Dernière mise à jour : lundi 6 mai 2019, par Expositions

Du 20 octobre 2015 au 24 janvier 2016, une exceptionnelle rétrospective couvrant la carrière de Philippe Halsman.

Une quinzaine de stations de la RATP affichèrent alors certaines de ses photographies.

Présentation de l’artiste

Voir Présentations d’Artistes de A à Z

Philippe Halsman (Riga, 1906 / New York, 1979), né Letton, sera naturalisé Américain en 1949. Il découvre en 1921 le vieil appareil photo de son père, et parle de "miracle " lorsqu’il développe ses premières plaques de verre dans le lavabo de la salle de bain familiale.

En 1928, il part en randonnée dans les Alpes autrichiennes avec son père, qui décèdera au cours de ce périple de graves blessures à la tête. Halsman est condamné, dans un climat déjà nettement antisémite, à 10 ans d’emprisonnement pour parricide. Il sera libéré en 1931, sous la condition de quitter définitivement l’Autriche.

À la fin de ses études d’ingénieur à Dresde, il viendra à Paris la même année grâce au soutien du ministre français Paul Painlevé (dont le fils Jean, cinéaste scientifique, lui offre à son arrivée l’un des meilleurs appareils photographiques du moment).
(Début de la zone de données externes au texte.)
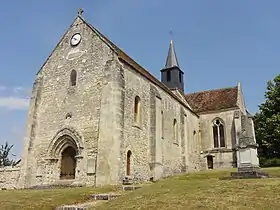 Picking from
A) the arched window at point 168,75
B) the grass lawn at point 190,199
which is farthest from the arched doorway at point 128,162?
the arched window at point 168,75

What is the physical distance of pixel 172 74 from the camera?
130 ft

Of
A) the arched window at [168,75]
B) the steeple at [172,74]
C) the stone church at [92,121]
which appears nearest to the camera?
the stone church at [92,121]

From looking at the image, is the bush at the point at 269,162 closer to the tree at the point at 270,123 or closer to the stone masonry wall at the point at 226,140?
the tree at the point at 270,123

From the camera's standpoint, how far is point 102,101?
1952cm

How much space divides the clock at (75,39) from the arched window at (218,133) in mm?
18752

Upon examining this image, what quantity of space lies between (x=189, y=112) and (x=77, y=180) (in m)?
16.8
Halsman ouvre un studio photographique en 1932, et, grâce au soutien d’André Gide (Portraits d’écrivains), il acquière rapidement la réputation d’être l’un des tout meilleurs portraitistes de célébrités de Paris (Gide, bien sûr, Giraudoux, Fernandel, Chagall, Le Corbusier ou Malraux).

Il y restera 10 années, se rapprochant des milieux publicitaires (beauté, coiffure) et des magazines alors en plein essor (Vogue, Vu, Harper’s Bazaar, Voilà, Le Monde illustré.)

Philippe Halsman a peut-être aussi pour lui d’avoir été un autodidacte de la photographie, et d’être resté d’une grande curiosité de forme... "Par bonheur, j’ignore les règles de la photographie, car si je les connaissais, je ne serai pas créatif. Des règles, il y en a trop." Ainsi expose-t-il plusieurs fois à la galerie avant-gardiste de la Pléiade, aux côtés de photographes comme Laure Albin Guillot.

Mais l’invasion allemande met un terme à cette carrière prospère, et il doit trouver refuge, en 1940, à New York avec sa famille.

Il parvient à se faire connaître sur le marché américain en moins d’un an à partir de New York. Son studio s’impose comme une référence. Il y travaille pour de nombreux magazines, dont Life, premier hebdomadaire d’actualités illustré uniquement de photographies, ce qui l’amène tout naturellement à rencontrer les principales célébrités de l’époque, parmi lesquelles Marilyn Monroe, Rita Hayworth, Duke Ellington, Winston Churchill, Ingrid Bergman, Alfred Hitchcock, le duc et la duchesse de Windsor, Richard Nixon, et Albert Einstein.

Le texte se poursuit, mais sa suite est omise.